I find but one counter judgment, and that is In re High [Id. 6,473], by the learned judge who decided this cause in the district court. That was an application by bill to have mortgaged 1061property sold that the complainant might prove for a balance. This case is like In re Bigelow [Id. 1,396], in which a contrary ruling is made. In re High [supra], the bill was sustained upon the ground that the complainant had no remedy by proof before the register for a secured claim. While the difference between these judgments results only in varying modes of doing precisely the same thing, there is in it less of practical importance. The one demands a new suit by bill and answer, with separate references to examining masters for testimony by which the secured creditor's claim is proved, and by the court adjudicated without release, agreement with the assignee, or sale of the security. It is like the proof before the register, all preparatory to those things. The other, through the instrumentality of the register and the forms pointed out by the statute, and the orders of the supreme court, performs identically the same judicial functions resulting in a like order or decree. It is a mere matter of practice. I do not understand the decisions which hold that a bill like that sustained in Re High & Hubbard should be dismissed, go upon any jurisdictional reasons which deny the power of proceeding in that mode; but as saying only that as the statute and forms clearly contemplate the proof before the register of secured as well as unsecured claims, and as this is the more simple and expeditious form, they reject the most expensive and circuitous proceedings by an original bill. But when this difference leads to a denial of substantial right, and excludes every secured creditor in the nation from the protection and benefits of this statute, while at the same time they are subjected to its power and their claims cut off by the discharge, it arises in importance second to no other single question I have had occasion to consider under it.

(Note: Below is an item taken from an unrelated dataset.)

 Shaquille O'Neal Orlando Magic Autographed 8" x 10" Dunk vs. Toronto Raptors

The exigencies of our commerce and business, it seems to me, demand a different reading, or an early amendment of the law. There are hundreds of millions of secured railroad and other corporate bonds afloat in the country. In many localities the great bulk of our bankers and brokers make loans in the aggregate of vast sums upon government bonds and stocks, and upon bills of lading and warehouse receipts as collaterals. The greater share of the more permanent debt of the whole country is secured by mortgage. To exclude this great mass of claims from the power of launching, and the protections and benefits of the proceeding, is so manifestly without the intention of the law, that we should go confidently forward to that limit where construction ends and interpolation and erasure commence in pursuit of a different meaning. We had occasion, in Linn v. Smith [Case No. 8,375], to show how universally this class of laws, both in England and here, had associated the right of petitioning for an adjudication with a subjection of the debt to discharge by a decree. To enforce the one and deny the other would be as impolitic and unjust as it would be anomalous.

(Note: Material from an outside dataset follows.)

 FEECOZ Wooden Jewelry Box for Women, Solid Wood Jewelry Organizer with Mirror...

Irrespective of these views I should sustain this petition upon the doctrines ruled by Longyear, J., in Re Bloss [Id. 1,562], and the case of Stewart v. Isidor [5 Abb. Pr. (N. S.) 68], cited and approved by him. Barrett, J., of the supreme court of New York, goes carefully over the English, and American cases, and holds that proof of the debt in bankruptcy, without mentioning the security, is a waiver of the lien. See, also. In re Brand [Case No. 1,809], and Wallace v. Conrad [3 Brewst. 329], where the doctrine of implied waiver by proof in bankruptcy of the secured debt without stating the lien, is stringently applied.
Here there was an express waiver in the petition. This I think the better practice, when it is conceded that the security exceeds the debt, but by no means necessary upon principle to the support of the petition. Certainly it should not be required where it is inadequate. It would compel a release where the statute expressly authorises its retention.
Decree below reversed and adjudication ordered.